### RECORDS FOR THE EXERCISE
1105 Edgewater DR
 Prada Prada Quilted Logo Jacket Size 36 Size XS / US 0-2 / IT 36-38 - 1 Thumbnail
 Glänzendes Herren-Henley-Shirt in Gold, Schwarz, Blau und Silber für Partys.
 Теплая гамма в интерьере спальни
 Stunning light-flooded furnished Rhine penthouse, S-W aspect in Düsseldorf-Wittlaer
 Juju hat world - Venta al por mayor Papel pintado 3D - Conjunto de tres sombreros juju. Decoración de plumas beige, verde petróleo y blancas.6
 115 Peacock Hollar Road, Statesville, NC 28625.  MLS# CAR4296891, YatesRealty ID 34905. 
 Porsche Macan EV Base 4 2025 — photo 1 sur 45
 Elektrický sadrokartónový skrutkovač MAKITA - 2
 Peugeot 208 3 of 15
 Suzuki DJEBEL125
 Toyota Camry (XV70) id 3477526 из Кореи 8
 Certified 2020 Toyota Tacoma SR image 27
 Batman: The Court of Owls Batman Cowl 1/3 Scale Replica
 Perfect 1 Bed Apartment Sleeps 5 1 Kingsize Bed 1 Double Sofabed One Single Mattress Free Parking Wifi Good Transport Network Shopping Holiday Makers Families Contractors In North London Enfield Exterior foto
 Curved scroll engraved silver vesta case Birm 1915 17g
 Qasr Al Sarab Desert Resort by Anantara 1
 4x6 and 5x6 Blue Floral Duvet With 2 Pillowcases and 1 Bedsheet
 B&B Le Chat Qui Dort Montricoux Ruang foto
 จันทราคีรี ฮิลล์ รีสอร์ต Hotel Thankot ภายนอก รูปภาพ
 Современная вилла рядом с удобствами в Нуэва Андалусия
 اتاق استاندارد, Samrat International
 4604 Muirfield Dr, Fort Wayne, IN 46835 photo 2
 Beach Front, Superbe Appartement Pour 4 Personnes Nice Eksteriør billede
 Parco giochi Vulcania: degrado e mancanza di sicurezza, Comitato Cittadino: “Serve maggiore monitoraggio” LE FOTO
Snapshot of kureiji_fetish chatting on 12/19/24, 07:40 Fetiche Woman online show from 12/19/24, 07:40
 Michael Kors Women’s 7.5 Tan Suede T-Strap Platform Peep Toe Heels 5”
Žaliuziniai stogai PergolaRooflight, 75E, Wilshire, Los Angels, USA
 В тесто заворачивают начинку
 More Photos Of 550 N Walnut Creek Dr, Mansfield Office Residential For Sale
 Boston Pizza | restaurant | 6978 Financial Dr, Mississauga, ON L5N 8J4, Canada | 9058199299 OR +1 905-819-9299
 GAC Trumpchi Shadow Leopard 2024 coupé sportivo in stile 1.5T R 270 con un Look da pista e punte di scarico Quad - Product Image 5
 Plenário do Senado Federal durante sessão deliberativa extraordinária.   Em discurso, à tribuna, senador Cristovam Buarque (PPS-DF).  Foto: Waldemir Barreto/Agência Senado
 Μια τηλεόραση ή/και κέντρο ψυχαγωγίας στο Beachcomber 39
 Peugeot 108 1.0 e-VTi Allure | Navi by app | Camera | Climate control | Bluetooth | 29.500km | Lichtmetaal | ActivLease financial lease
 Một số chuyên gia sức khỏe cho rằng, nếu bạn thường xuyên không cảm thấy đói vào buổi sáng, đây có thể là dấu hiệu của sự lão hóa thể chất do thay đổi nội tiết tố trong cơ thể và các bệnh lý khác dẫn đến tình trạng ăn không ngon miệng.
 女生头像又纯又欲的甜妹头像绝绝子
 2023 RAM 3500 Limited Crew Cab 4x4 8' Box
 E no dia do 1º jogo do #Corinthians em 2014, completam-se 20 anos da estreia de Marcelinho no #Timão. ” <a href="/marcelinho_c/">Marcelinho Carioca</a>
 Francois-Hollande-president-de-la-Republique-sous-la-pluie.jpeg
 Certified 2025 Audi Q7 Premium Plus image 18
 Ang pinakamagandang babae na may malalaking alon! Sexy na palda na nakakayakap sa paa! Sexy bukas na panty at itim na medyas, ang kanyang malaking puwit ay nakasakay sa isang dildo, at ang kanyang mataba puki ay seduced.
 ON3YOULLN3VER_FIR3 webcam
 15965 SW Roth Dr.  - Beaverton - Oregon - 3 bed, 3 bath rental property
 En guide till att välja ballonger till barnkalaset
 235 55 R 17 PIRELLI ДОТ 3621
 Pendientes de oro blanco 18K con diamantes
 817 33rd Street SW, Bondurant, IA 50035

### WORK INSTRUCTIONS
Send back all of the entries exactly, with nothing missing.

### ANSWER BOX
1105 Edgewater DR
 Prada Prada Quilted Logo Jacket Size 36 Size XS / US 0-2 / IT 36-38 - 1 Thumbnail
 Glänzendes Herren-Henley-Shirt in Gold, Schwarz, Blau und Silber für Partys.
 Теплая гамма в интерьере спальни
 Stunning light-flooded furnished Rhine penthouse, S-W aspect in Düsseldorf-Wittlaer
 Juju hat world - Venta al por mayor Papel pintado 3D - Conjunto de tres sombreros juju. Decoración de plumas beige, verde petróleo y blancas.6
 115 Peacock Hollar Road, Statesville, NC 28625.  MLS# CAR4296891, YatesRealty ID 34905. 
 Porsche Macan EV Base 4 2025 — photo 1 sur 45
 Elektrický sadrokartónový skrutkovač MAKITA - 2
 Peugeot 208 3 of 15
 Suzuki DJEBEL125
 Toyota Camry (XV70) id 3477526 из Кореи 8
 Certified 2020 Toyota Tacoma SR image 27
 Batman: The Court of Owls Batman Cowl 1/3 Scale Replica
 Perfect 1 Bed Apartment Sleeps 5 1 Kingsize Bed 1 Double Sofabed One Single Mattress Free Parking Wifi Good Transport Network Shopping Holiday Makers Families Contractors In North London Enfield Exterior foto
 Curved scroll engraved silver vesta case Birm 1915 17g
 Qasr Al Sarab Desert Resort by Anantara 1
 4x6 and 5x6 Blue Floral Duvet With 2 Pillowcases and 1 Bedsheet
 B&B Le Chat Qui Dort Montricoux Ruang foto
 จันทราคีรี ฮิลล์ รีสอร์ต Hotel Thankot ภายนอก รูปภาพ
 Современная вилла рядом с удобствами в Нуэва Андалусия
 اتاق استاندارد, Samrat International
 4604 Muirfield Dr, Fort Wayne, IN 46835 photo 2
 Beach Front, Superbe Appartement Pour 4 Personnes Nice Eksteriør billede
 Parco giochi Vulcania: degrado e mancanza di sicurezza, Comitato Cittadino: “Serve maggiore monitoraggio” LE FOTO
Snapshot of kureiji_fetish chatting on 12/19/24, 07:40 Fetiche Woman online show from 12/19/24, 07:40
 Michael Kors Women’s 7.5 Tan Suede T-Strap Platform Peep Toe Heels 5”
Žaliuziniai stogai PergolaRooflight, 75E, Wilshire, Los Angels, USA
 В тесто заворачивают начинку
 More Photos Of 550 N Walnut Creek Dr, Mansfield Office Residential For Sale
 Boston Pizza | restaurant | 6978 Financial Dr, Mississauga, ON L5N 8J4, Canada | 9058199299 OR +1 905-819-9299
 GAC Trumpchi Shadow Leopard 2024 coupé sportivo in stile 1.5T R 270 con un Look da pista e punte di scarico Quad - Product Image 5
 Plenário do Senado Federal durante sessão deliberativa extraordinária.   Em discurso, à tribuna, senador Cristovam Buarque (PPS-DF).  Foto: Waldemir Barreto/Agência Senado
 Μια τηλεόραση ή/και κέντρο ψυχαγωγίας στο Beachcomber 39
 Peugeot 108 1.0 e-VTi Allure | Navi by app | Camera | Climate control | Bluetooth | 29.500km | Lichtmetaal | ActivLease financial lease
 Một số chuyên gia sức khỏe cho rằng, nếu bạn thường xuyên không cảm thấy đói vào buổi sáng, đây có thể là dấu hiệu của sự lão hóa thể chất do thay đổi nội tiết tố trong cơ thể và các bệnh lý khác dẫn đến tình trạng ăn không ngon miệng.
 女生头像又纯又欲的甜妹头像绝绝子
 2023 RAM 3500 Limited Crew Cab 4x4 8' Box
 E no dia do 1º jogo do #Corinthians em 2014, completam-se 20 anos da estreia de Marcelinho no #Timão. ” <a href="/marcelinho_c/">Marcelinho Carioca</a>
 Francois-Hollande-president-de-la-Republique-sous-la-pluie.jpeg
 Certified 2025 Audi Q7 Premium Plus image 18
 Ang pinakamagandang babae na may malalaking alon! Sexy na palda na nakakayakap sa paa! Sexy bukas na panty at itim na medyas, ang kanyang malaking puwit ay nakasakay sa isang dildo, at ang kanyang mataba puki ay seduced.
 ON3YOULLN3VER_FIR3 webcam
 15965 SW Roth Dr.  - Beaverton - Oregon - 3 bed, 3 bath rental property
 En guide till att välja ballonger till barnkalaset
 235 55 R 17 PIRELLI ДОТ 3621
 Pendientes de oro blanco 18K con diamantes
 817 33rd Street SW, Bondurant, IA 50035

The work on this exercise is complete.